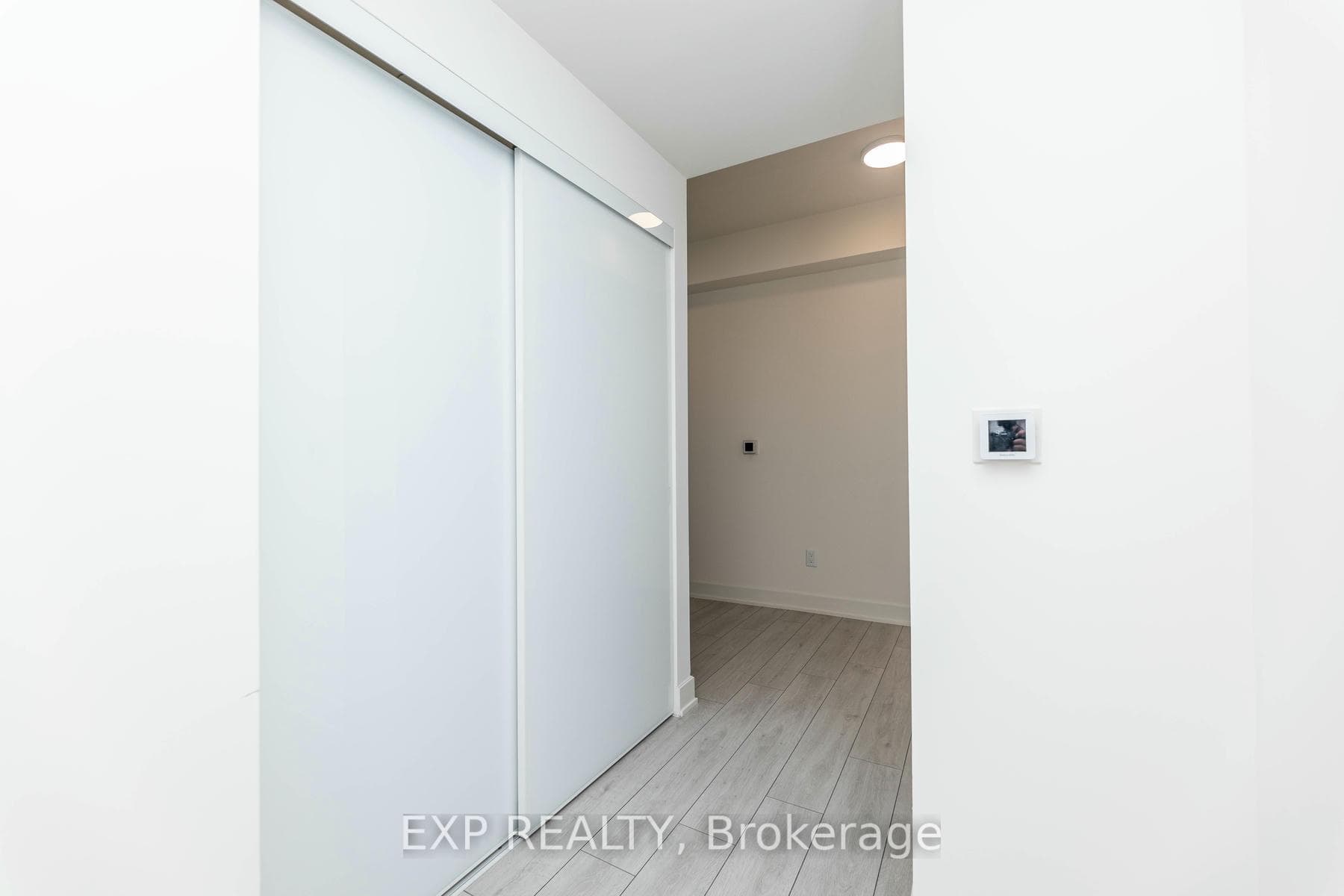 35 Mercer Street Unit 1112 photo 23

--

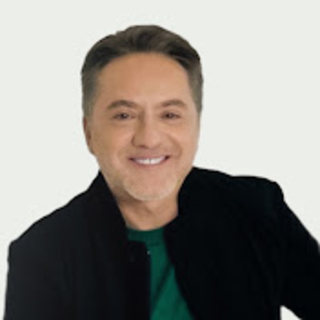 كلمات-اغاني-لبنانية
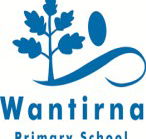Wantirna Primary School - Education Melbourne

__Goal of the exercise__: Starting at the line that contains "كلمات-اغاني-لبنانية" and ending at the line that contains "Wantirna Primary School - Education Melbourne", transcribe the material above exactly, excluding pictures.

__Solution for this task__:
 كلمات-اغاني-لبنانية
Wantirna Primary School - Education Melbourne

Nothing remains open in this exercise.